C’est glaçant, d’autant que le personnage n’éprouve en général, aucune émotion, n’a d’empathie pour rien ni personne, même pas pour le fascisme et ses dirigeants sur lesquels il ne se fait aucune illusion. Il est fasciste parce que c’est la norme et parce qu’il éprouve… «Une aspiration à être normal; une volonté d'adaptation à une règle reconnue et générale; un désir de ressembler à tous les autres puisque, être différent signifiait être coupable. »
Et si nous tentions, cinq minutes, de quitter le conformisme qui cantonnerait ce roman à une énième condamnation du fascisme. Oublions un peu le fascisme, il appartient au passé, même s’il renaît perpétuellement sous d’autres formes, dans d’autres lieux, en se drapant d’autres oripeaux, avec la même bêtise, la même lâcheté et les mêmes bassesses. Ce serait, à mon sens, particulièrement réducteur pour ce roman, à l’écriture fluide et à la lecture facile, qui mérite mieux que quelques larmes de crocodile à verser sur un passé tragique : «C’était donc cela le passé : ce vacarme devenu silence, cette ardeur désormais éteinte auxquels la matière même du journal, ce papier jauni qui, avec les années, s’effrite et tombe en poussière, prêtait un caractère vulgaire et médiocre. Le passé était fait de violences, d’erreurs, de duperies, de futilités, extravagantes et qui assourdissent… seules choses que, jour par jour, les hommes trouvaient dignes d’être publiées et transmises à la postérité. La vie normale et profonde était absente de ces feuillets… »
C’est avant tout un roman sur la différence, la culpabilité, le refoulement, le besoin d’être accepté, d’être considéré comme normal, d’appartenir au groupe et, pour finir, sur le manque d’empathie.

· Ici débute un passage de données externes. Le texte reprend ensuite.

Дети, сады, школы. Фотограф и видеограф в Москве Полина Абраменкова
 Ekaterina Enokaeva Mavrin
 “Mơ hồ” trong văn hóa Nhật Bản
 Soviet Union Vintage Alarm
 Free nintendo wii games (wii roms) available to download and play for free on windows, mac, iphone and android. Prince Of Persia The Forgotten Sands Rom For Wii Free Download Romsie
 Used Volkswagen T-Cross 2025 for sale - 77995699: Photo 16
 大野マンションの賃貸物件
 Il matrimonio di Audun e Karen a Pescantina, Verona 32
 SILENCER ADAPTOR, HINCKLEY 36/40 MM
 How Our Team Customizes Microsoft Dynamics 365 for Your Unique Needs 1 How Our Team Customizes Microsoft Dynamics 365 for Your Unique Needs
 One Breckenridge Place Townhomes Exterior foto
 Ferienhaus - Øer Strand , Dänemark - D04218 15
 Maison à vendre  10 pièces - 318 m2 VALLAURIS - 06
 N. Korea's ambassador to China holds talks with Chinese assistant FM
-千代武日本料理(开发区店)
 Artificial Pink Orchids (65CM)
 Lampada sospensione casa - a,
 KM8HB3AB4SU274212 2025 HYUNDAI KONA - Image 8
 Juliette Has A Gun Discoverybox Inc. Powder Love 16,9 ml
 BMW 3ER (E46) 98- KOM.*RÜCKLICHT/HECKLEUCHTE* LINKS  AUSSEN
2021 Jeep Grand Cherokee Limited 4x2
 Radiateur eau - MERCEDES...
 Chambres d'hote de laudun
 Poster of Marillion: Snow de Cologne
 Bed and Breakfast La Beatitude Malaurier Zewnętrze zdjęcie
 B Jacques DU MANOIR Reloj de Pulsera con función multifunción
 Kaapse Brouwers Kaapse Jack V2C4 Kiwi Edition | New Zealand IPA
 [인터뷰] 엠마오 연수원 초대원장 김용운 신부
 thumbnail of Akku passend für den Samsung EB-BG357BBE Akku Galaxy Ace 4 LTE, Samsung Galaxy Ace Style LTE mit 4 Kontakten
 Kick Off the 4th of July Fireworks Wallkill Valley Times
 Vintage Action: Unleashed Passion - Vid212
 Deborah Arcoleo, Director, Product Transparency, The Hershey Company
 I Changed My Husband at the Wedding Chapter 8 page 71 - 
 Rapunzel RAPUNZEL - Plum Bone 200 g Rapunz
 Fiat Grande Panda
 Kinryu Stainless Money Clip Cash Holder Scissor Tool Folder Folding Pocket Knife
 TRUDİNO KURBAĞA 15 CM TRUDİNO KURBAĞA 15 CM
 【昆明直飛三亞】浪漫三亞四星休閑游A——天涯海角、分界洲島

« Et se découvrir insensible, c'était se découvrir guéri. » C’est bien souvent, ce manque d’imagination et d’empathie, qui conduit des individus ordinaires, assurés qu’ils sont d’être en conformité avec les autorités ou l’air du temps, à se conduire, vis-à-vis de ceux qu’on leur a désigné comme différents, comme la lie de l’humanité. C’est autant valable pour les sicaires nazis ou mussoliniens, que pour les nervis des goulags soviétiques et les égorgeurs d’otages ou les crucificateurs d’aujourd’hui.
Mais quid de l’homo occidentalus qui écrit ce billet ou qui le lit en cet instant ? Il n’a pas de sang sur les mains, mais est-il, pour autant, prêt à accepter ou à cultiver sa différence. Ne ressent-il pas le même besoin de se conformer ? N’est-il pas ravi de penser ce que la majorité pense (les médias sont là pour penser à votre place), sans s’être trop documenté ni interrogé ? N’est-il pas ravi de porter les mêmes vêtements, de manger les mêmes repas que ses voisins ou de faire un cadeau à son conjoint le 14 février en même temps que tout le monde ? N’est-il pas heureux de s’en aller chanter, hurler, conspuer et insulter dans un stade, qui l’arbitre, qui l’adversaire, qui le joueur qui ne se conforme pas à ce qu’on attend de lui ? Aussi anonyme qu’on peut l’être, perdu dans une foule, ne se sent-il pas assez fort et invulnérable pour ne pas résister à la tentation de se montrer sous un jour dont il aurait honte s’il était tout seul ?
N’accablons pas (trop) le vulgum pecus car l’Epoque est, elle-aussi, à la conformité, si ce n’est au conformisme. Ces normes énormes dont on finirait par se demander si le seul but n’est pas d’assurer la subsistance d’une armée de normeurs s’acharnant sur le dos de normés redoutant tous de ne plus être conformes. Tout cela est-il bien normal ? Attention, car, dans l’industrie, les produits non conformes vont au rebus. Le Conformisme n’est-il pas un des symptômes d’une société totalitaire ?
Allez, je dois vous quitter, on m’attend pour le Contrôle technique. Pourvu qu’ils ne trouvent rien d’anormal.